## Problem requirements
The whole listing is to be restated word for word with no images.

## Dataset content

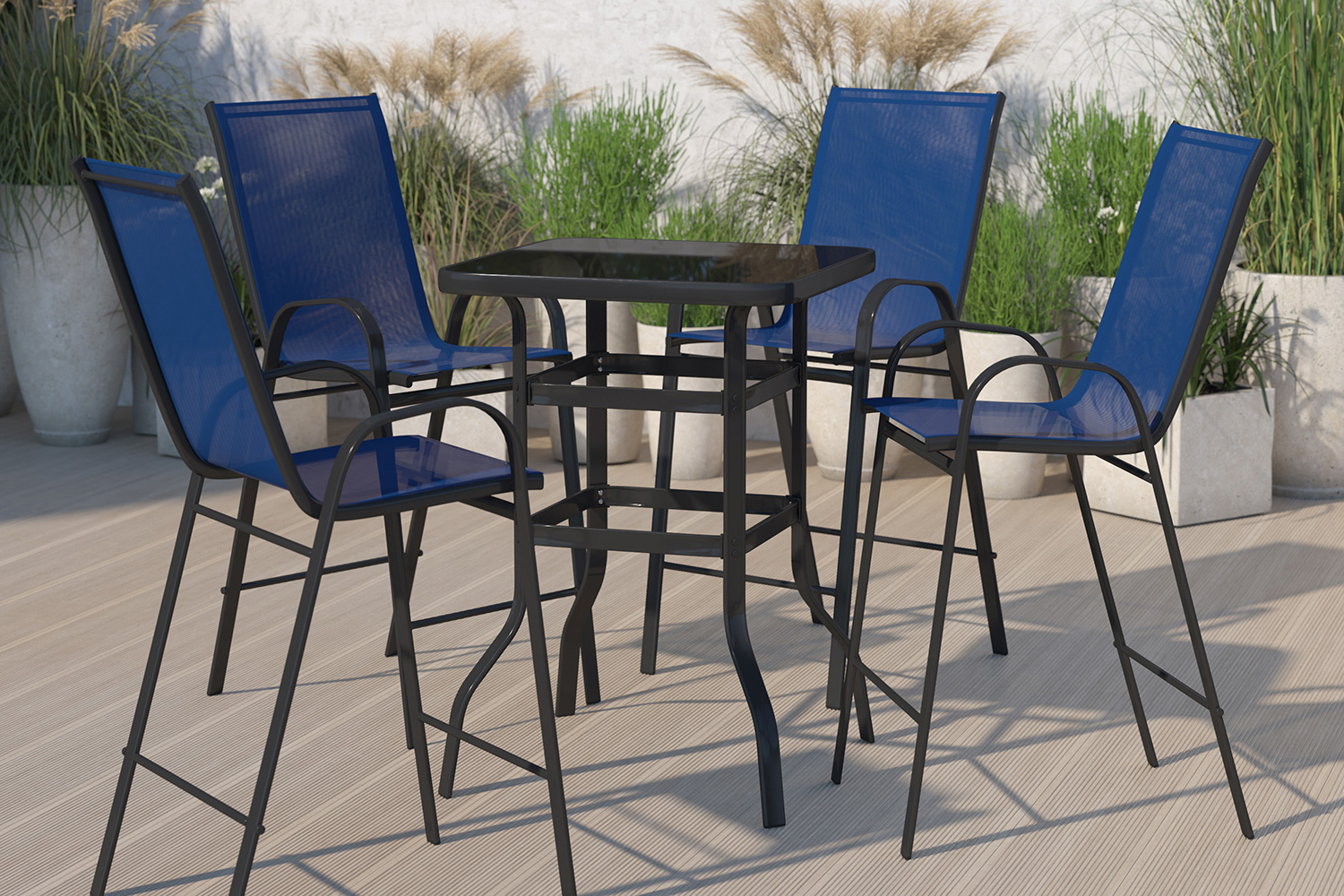 BLNK Brazos Outdoor 4-Person Bistro Dining Set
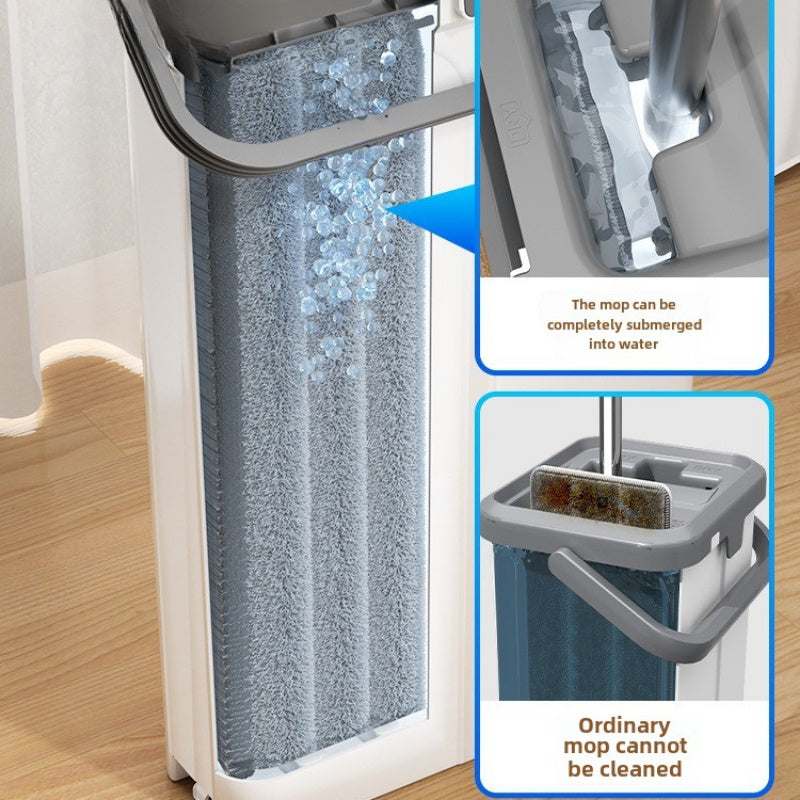 Modern Home Mop and Bucket Set with Self-Cleaning System, 40cm Floor Mop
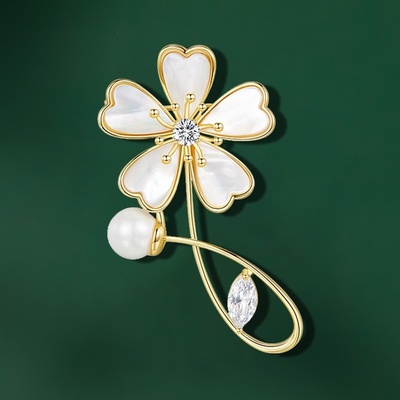 Éternelle brož s perlou a zirkony Riena květina B2375-XH1551 zlatá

## Result of the exercise
 BLNK Brazos Outdoor 4-Person Bistro Dining Set
 Modern Home Mop and Bucket Set with Self-Cleaning System, 40cm Floor Mop
 Éternelle brož s perlou a zirkony Riena květina B2375-XH1551 zlatá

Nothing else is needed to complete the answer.